Our lifetime for the customer, this is a big deal, and this is, for those who are unaware, it's basically one divided by churn, has increased by 3 years. In effect, the churn is lower, and so our customer lifetime has increased. It's 13 years, which is outstanding. Now, when you flow that number forward and you look at your lifetime value, your total lifetime value, which is a mixture of the lifetime and the average spend per customer and your margin wrapped into that, we're up 57%. That's a $2.5 billion total lifetime value, and we've got a slide to sort of share that, and we'll talk more about it. You can see our annual recurring revenue breakdown. Again, this is Megaport's standalone business or the network business, excluding acquisitions.

You can see we continue to grow that, annual recurring revenue fast. You can see the breakdown of Americas, Asia Pacific, and EMEA as always. Let me state this: the Americas, and specifically the United States, really is on fire. They're growing at 24% inside that business, and that's where we've been investing for a lot of growth. We're seeing an incredible, opportunity for us there, and it's continuing to grow, and we're not even scratching the surface. If you look here on the right, what we've shared is the net or the incremental ARR additions, and you can see this is the largest ever year-on-year ARR increase. This is astounding. You can see this just pushing up and up and up and to the right.

So we are incredibly happy with how the team's performed, and we're going to go through more of those details. It's not just about expanding the existing base, and that it's super critical that you do that, but if you're not adding net new logos, you've fallen out of product market fit. And this is where we've seen that in H-- sort of the full year, you saw that massive jump in new logos. We have actually had a 100% increase in new logo growth compared to the prior comparative period. That's important because seasonality rolls throughout the year, and this is a representation of the fact that this wasn't some lucky sort of H2. We're actually growing and continuing, and year-on-year, we're up 100%.

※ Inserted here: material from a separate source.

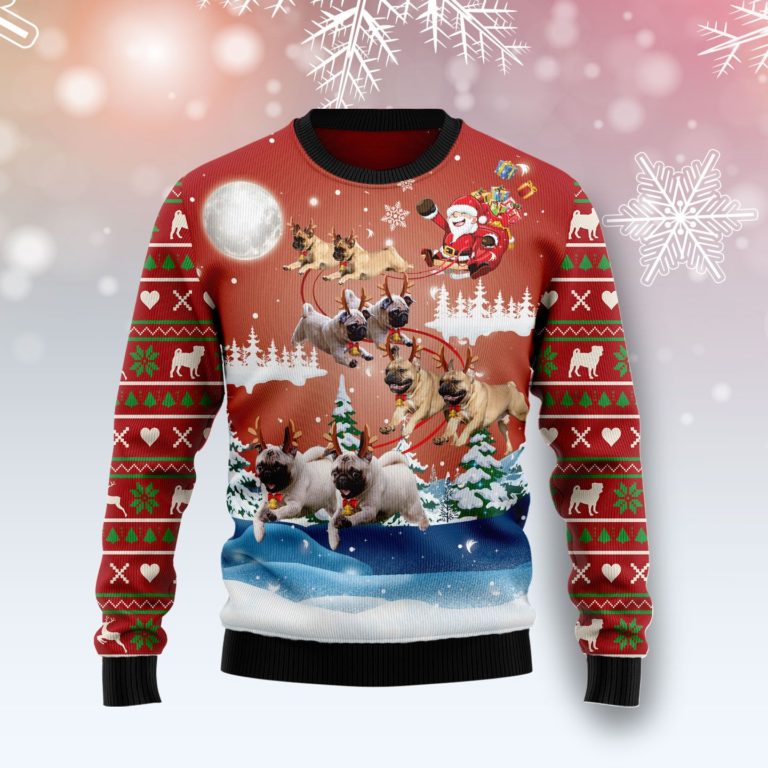Pug Reindeer Christmas Wool Sweater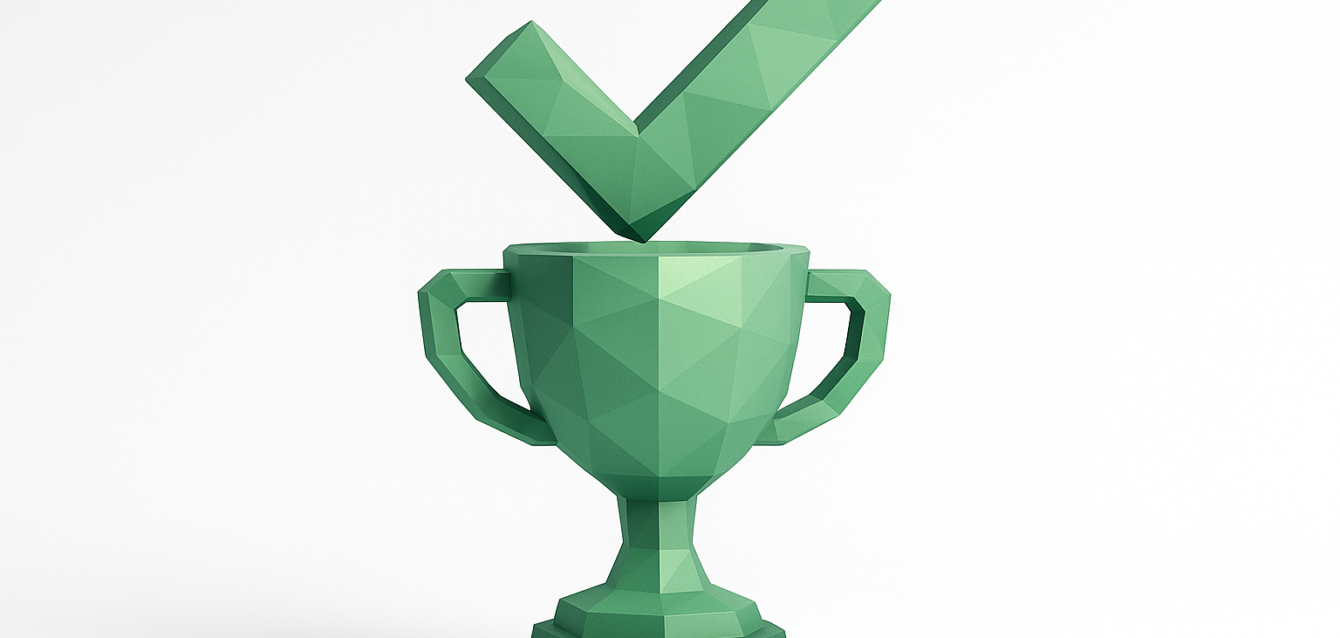Green geometric trophy with a large checkmark above it, symbolizing top-rated automation agencies and validated efficiency for streamlining business operations.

That is an incredible result from the go-to-market team, but it's a mixture of two things: products that actually resonate with the market and the go-to-market team that we've invested to take that out to market, and that crosses all areas: channel, frontline sales, SDRs, customer success, you name it. So congratulations to the Megaport team there. This is a slide we shared in the full-year deck, and it's actually just continues to astound. It's actually, I think, what we've been hoping to see, but it's, it highlights the fact that the investment in engineering talent and all of those products that you've heard us sort of constantly refer to bringing out, in that period of time, sort of FY 2024 period, all of that has come to fruition, and 30% of our ARR growth is now attributed to what is new products.

The underlying business is still growing fast, but on top of that, you get this growth from new products, which just highlights the importance of continuing to invest in new products to add to the space. I've got a slide in the strategy section that will sort of drum this one home, but you can see what a dramatic increase that has had in H1. Outstanding result from the engineering and product team, and great job again from the sales team for taking that out. Total lifetime value, we shared that prior, and we highlighted the fact that customer lifetime's gone from 10 to 13 years. You can see that that is a marked shift upward.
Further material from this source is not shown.